EXERCISE OBJECTIVE: Transcribe the records below exactly, from their first line through the line containing "cinematic, vintage movie". Omit every line after it.

Caption-style text data:

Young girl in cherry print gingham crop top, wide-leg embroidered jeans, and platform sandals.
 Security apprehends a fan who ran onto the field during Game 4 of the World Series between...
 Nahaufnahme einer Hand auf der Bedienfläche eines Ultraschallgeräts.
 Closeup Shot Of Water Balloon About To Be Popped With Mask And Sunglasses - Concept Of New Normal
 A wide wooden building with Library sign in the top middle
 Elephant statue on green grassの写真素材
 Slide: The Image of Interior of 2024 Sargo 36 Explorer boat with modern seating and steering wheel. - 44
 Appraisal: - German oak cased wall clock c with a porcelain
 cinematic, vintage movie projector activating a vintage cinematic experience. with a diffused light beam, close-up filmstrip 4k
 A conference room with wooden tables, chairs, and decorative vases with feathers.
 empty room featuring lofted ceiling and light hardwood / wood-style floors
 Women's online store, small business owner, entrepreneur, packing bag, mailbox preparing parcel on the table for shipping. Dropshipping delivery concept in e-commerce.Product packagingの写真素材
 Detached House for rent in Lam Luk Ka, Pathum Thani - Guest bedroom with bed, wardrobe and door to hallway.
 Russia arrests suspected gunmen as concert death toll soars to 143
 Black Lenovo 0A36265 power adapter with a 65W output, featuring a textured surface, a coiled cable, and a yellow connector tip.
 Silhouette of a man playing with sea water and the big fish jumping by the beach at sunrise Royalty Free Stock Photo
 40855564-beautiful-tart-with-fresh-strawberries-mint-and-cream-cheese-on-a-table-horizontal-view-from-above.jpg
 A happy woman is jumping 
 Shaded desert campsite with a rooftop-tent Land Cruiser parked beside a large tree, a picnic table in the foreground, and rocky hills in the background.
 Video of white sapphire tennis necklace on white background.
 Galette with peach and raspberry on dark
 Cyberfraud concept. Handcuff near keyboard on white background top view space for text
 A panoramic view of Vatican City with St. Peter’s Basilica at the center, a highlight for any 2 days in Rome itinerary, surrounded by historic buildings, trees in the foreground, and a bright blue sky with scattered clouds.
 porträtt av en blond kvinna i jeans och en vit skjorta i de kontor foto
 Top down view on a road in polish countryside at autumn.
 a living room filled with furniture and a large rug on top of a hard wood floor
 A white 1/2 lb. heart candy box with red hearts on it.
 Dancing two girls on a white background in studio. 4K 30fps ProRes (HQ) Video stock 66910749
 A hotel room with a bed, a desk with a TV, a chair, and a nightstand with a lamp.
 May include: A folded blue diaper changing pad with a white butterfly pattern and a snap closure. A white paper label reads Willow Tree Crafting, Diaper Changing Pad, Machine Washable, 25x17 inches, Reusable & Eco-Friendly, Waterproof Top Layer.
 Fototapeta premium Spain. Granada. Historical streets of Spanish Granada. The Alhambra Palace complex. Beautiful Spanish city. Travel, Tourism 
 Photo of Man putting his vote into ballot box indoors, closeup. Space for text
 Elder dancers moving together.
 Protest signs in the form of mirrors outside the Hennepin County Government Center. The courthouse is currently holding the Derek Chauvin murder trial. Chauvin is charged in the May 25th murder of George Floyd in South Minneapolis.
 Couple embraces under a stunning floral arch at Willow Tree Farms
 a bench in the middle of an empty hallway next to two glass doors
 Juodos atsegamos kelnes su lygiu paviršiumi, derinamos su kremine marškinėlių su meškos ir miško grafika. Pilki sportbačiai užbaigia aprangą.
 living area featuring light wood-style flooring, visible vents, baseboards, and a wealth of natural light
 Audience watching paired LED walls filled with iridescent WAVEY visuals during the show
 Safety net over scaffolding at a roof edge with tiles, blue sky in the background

FINISHED EXERCISE:
Young girl in cherry print gingham crop top, wide-leg embroidered jeans, and platform sandals.
 Security apprehends a fan who ran onto the field during Game 4 of the World Series between...
 Nahaufnahme einer Hand auf der Bedienfläche eines Ultraschallgeräts.
 Closeup Shot Of Water Balloon About To Be Popped With Mask And Sunglasses - Concept Of New Normal
 A wide wooden building with Library sign in the top middle
 Elephant statue on green grassの写真素材
 Slide: The Image of Interior of 2024 Sargo 36 Explorer boat with modern seating and steering wheel. - 44
 Appraisal: - German oak cased wall clock c with a porcelain
 cinematic, vintage movie projector activating a vintage cinematic experience. with a diffused light beam, close-up filmstrip 4k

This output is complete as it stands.